3) Preliminary guidelines for the use of drugs according to the invention for the treatment of cancer. The proposed drugs based on gluconic acid can be used for the prevention and treatment of neoplastic processes. The prophylactic use of drugs is especially justified against the background of immunodeficiency of arbitrary etiology. It can be assumed that these drugs will be most effective for cancer of the lungs, brain, kidneys and gastrointestinal tract (especially with parenteral or oral use).

In the case of skin cancers, their local (local) use is possible (in particular, in the form of applications of solutions, ointments or liniment, or trans dermally).

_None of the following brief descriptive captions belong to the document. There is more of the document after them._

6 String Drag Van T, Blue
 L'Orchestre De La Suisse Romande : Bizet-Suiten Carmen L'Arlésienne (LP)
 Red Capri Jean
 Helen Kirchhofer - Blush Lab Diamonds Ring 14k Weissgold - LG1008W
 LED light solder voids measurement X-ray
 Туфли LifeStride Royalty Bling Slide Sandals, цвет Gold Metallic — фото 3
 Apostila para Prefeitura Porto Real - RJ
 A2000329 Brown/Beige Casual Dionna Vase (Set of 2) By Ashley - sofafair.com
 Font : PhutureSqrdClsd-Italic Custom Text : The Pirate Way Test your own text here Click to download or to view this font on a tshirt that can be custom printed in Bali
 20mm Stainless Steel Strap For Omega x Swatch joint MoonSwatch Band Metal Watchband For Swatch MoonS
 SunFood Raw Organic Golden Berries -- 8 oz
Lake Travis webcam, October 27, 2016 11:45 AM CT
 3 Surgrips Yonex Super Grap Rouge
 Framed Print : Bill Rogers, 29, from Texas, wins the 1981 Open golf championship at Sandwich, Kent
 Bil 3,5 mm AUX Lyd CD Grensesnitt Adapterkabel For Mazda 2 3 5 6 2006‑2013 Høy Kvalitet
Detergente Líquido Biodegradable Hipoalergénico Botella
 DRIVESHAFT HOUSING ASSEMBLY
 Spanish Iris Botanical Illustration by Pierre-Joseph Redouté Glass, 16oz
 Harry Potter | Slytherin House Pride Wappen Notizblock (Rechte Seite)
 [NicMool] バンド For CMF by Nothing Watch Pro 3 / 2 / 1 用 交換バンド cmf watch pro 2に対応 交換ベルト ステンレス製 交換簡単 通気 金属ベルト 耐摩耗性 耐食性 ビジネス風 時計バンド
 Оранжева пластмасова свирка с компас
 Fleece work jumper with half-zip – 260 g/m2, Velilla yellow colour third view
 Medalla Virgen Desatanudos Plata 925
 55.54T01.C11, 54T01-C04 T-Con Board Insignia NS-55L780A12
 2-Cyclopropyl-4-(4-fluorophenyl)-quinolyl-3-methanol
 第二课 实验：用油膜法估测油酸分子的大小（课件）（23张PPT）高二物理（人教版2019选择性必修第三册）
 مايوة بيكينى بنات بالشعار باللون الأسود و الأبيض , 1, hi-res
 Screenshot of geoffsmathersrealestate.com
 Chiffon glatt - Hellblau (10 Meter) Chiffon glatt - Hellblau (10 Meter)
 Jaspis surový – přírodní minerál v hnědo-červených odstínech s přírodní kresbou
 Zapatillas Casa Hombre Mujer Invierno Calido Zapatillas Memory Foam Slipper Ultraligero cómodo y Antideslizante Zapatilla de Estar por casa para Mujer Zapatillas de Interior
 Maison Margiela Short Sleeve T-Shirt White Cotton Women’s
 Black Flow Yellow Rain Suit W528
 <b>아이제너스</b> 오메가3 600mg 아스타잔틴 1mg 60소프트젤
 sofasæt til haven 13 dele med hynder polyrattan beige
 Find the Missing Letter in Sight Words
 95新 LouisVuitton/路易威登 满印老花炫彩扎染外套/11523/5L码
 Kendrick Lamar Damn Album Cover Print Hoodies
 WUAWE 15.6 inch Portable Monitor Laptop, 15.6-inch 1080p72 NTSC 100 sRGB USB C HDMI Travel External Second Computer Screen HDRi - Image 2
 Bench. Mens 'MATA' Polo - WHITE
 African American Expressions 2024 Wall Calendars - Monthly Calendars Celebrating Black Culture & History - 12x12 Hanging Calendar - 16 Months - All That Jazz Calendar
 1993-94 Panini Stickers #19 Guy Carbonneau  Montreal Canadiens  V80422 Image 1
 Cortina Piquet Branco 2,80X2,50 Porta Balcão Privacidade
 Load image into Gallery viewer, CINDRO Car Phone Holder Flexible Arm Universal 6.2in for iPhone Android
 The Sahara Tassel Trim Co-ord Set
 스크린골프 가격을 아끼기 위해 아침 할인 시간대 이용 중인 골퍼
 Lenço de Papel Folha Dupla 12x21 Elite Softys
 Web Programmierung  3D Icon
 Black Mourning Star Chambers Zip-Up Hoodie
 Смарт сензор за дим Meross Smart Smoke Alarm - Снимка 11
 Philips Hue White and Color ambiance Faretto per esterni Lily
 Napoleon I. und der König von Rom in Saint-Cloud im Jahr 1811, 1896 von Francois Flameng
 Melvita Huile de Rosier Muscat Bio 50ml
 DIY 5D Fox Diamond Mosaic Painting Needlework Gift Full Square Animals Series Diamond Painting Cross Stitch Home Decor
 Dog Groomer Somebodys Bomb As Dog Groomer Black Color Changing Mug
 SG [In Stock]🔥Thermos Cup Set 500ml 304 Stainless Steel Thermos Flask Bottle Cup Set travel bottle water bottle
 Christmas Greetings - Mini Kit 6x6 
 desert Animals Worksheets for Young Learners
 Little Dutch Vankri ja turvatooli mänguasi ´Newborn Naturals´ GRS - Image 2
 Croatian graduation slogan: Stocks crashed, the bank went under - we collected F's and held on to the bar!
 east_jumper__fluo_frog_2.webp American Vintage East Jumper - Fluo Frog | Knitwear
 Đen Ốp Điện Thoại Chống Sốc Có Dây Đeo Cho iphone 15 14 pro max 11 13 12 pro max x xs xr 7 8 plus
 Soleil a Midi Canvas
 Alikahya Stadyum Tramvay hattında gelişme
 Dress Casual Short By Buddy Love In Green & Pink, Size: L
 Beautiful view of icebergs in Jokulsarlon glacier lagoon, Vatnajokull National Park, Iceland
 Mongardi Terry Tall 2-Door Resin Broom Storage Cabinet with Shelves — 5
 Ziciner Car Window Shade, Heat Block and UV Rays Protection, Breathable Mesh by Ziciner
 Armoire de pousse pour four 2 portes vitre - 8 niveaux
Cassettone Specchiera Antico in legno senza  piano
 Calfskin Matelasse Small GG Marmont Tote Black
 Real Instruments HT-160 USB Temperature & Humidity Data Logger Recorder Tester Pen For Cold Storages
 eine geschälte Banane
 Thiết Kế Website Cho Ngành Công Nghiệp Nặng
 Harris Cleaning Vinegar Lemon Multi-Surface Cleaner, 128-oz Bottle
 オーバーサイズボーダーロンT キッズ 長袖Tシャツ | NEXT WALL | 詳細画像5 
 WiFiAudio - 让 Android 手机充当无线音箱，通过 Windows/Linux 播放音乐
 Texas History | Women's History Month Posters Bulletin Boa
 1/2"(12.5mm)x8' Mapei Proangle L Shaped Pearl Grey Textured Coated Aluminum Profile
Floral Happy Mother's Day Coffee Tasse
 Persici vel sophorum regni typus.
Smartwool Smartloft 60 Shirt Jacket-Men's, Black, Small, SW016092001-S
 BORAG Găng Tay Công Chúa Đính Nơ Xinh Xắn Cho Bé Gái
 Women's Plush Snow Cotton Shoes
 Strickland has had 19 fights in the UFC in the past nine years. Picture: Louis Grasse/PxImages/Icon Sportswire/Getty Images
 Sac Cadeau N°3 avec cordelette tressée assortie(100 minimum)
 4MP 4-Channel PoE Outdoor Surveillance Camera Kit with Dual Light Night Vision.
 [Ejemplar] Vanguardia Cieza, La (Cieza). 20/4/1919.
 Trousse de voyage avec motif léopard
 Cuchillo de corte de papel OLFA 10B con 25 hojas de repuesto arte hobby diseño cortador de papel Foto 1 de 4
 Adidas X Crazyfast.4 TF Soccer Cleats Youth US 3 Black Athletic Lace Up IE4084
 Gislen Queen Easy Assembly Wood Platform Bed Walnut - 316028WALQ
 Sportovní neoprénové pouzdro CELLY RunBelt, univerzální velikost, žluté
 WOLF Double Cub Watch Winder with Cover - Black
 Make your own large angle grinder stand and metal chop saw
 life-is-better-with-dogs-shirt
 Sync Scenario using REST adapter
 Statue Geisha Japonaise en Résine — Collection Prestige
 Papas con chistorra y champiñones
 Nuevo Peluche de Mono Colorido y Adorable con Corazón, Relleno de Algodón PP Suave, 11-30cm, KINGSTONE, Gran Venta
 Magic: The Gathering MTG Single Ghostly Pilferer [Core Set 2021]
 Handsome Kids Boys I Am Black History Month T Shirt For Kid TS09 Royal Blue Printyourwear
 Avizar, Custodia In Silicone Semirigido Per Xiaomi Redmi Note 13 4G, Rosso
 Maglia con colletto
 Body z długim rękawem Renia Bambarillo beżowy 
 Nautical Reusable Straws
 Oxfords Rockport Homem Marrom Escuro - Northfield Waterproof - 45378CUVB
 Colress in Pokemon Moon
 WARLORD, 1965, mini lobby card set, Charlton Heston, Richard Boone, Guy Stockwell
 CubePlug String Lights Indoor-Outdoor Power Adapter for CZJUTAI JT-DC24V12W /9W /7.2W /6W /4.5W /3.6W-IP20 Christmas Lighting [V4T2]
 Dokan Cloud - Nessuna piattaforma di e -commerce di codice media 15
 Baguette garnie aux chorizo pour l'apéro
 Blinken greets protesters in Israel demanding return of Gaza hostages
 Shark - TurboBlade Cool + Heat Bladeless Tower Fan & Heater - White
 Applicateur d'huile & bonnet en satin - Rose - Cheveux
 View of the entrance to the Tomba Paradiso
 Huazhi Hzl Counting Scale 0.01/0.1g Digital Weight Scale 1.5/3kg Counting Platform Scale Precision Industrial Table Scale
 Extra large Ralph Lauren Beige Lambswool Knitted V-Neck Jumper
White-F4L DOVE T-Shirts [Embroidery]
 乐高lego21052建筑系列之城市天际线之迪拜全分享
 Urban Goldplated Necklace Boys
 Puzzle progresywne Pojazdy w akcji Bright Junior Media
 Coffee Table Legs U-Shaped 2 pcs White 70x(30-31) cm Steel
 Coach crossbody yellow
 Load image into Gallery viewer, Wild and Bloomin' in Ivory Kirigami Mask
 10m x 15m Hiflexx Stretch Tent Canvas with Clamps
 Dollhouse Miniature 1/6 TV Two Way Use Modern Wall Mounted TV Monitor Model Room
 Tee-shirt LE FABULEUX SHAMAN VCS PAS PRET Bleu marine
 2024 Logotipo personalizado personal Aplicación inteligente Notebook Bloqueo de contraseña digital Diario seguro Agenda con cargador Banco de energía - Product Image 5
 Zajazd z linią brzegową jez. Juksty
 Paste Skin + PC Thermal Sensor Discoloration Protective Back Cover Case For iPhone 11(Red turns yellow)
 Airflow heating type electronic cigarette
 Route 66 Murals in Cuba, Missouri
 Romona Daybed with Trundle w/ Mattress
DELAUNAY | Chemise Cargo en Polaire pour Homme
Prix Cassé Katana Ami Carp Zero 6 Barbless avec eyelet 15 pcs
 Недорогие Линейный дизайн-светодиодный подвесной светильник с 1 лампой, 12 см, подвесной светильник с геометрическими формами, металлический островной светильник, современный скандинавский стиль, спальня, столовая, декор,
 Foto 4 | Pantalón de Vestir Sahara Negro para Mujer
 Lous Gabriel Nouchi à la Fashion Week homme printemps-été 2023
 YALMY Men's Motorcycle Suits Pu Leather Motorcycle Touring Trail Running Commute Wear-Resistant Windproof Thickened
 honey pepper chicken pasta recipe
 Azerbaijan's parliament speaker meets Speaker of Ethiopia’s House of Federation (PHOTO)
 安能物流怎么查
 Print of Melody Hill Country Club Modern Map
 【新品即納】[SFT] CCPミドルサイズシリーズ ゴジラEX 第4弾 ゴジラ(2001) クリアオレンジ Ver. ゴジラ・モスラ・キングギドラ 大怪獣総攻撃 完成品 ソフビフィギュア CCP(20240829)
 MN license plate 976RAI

The use of the preparations according to the invention in clinical practice can be combined with conventional chemo- or interferon therapy. This combination is especially useful against the background of the development of resistant ™ tumor tissue to interferons. Industrial applicability

The antineoplastic preparations according to the invention can be easily manufactured industrially and used for the prevention and outpatient or clinical treatment of cancer. They are easily absorbed and practically harmless to the human body, even in such single doses, which significantly exceed the therapeutically necessary doses.

Table

ANTIPROLIFERATIVE AND PROPOPTOSIS ACTIVITY

PREPARATIONS ON CULTURES OF CANCER CELLS ΪP vito

(indicated number of viable cells in%)

Exposure, hours Type of cancer cell culture

A-549 A-549-R U-937 Test drugs 24 48 72 24 48 72 24 48 72

Control 100 100 100 100 100 100 100 100 100

Doxorubicin 60 50 40 60 50 50 40 50 50

Gluconic acid 80 80 70 80 80 70 80 80 70

Magnesium Gluconate 50 50 60 50 50 60 50 50 60

Potassium gluconate 60 60 70 60 60 70 60 60 70

Ethylene diamine gluconate 40 50 50 40 50 50 40 50 50

GABA-gluconate 50 50 60 50 50 60 50 50 60

DiGAMK-Mg-gluconate 40 45 55 40 40 55 10 20 35

Di-3-hydroxy GAMK-Mg-gluconate 50 45 50 50 45 50 50 45 50

Coordination connection

EDTA-Mg-digluconate 50 40 40 50 40 40 50 40 40

Coordination connection

EGTA-Mgg-di-gluconate 35 40 40 35 40 40 70 80 70

Coordination connection

EDTA-Mg-triglyconate 40 40 50 40 40 50 60 50 65

Coordination connection

EGTA-Mg-triglyconate 30 40 40 30 40 40 60 60 60

Magnesium butyratogluconate 40 50 40 40 50 40 60 60 60

Magnesium oxybutyrate gluconate 50 50 45 50 50 45 50 50 45

Magnesium glucarate-gluconate 60 50 50 50 40 40 60 60 50

DiGAMK-Ca-rluconate 60 50 50 60 50 50 60 50 50

Di-3-hydroxy GAMK-Ca-gluconate 50 50 55 55 50 55 55 50 55

Coordination connection

EDTA-Sag-Digluconate 40 50 50 40 70 90 40 70 90

Coordination connection

EGTA-Sag-digluconate 30 40 50 30 70 70 60 80 75

Coordination connection

ZDTA-Saz-triluconate 40 40 50 40 40 50 60 40 50

Coordination connection

EGTA-Saz-triglyconate 40 50 70 40 50 40 60 65 70

Calcium butorate gluconate 40 50 50 40 50 50 40 30 40

Calcium Oxybutyrate Gluconate 50 50 60 50 50 60 50 50 60

Calcium Glucaratogluconate 60 70 70 60 70 70 60 70 70

Claims

CLAIM 1. Antineoplastic preparation based on gluconic acid, characterized in that it is at least one such salt thereof, in which the salt-forming agent is selected from the group consisting of magnesium, sodium, potassium, γ-aminobutyric acid (hereinafter GABA), ethylenediamine or mixtures thereof. 2. The antineoplastic preparation according to claim 1, characterized in that it is magnesium gluconate. 3. The antineoplastic preparation according to claim 1, characterized in that it is potassium gluconate. 4. Antineoplastic preparation based on gluconic acid, characterized in that it is a coordination compound based on magnesium gluconate, in which the ligands are selected from the group consisting of GABA, 3-hydroxy-GAMK, ethylenediaminetetraacetic acid (EDTA) and ethylene glycol tetraacetic acid (ETH) ) 5. The antineoplastic preparation according to claim 4, characterized in that it is a coordination compound diHAMK-Mg-gluconate. 6. An gluconic acid-based antineoplastic preparation, characterized in that it is a double salt selected from the group consisting of magnesium butyratogluconate, magnesium hydroxybutyratogluconate, magnesium glucaratogluconate, calcium butyratogluconate, calcium hydroxybutyrate gluconate, calcium glucoratogluconate and ichiogluconate. 7. An antineoplastic preparation according to claim 6, characterized in that it is magnesium glucaratogluconate.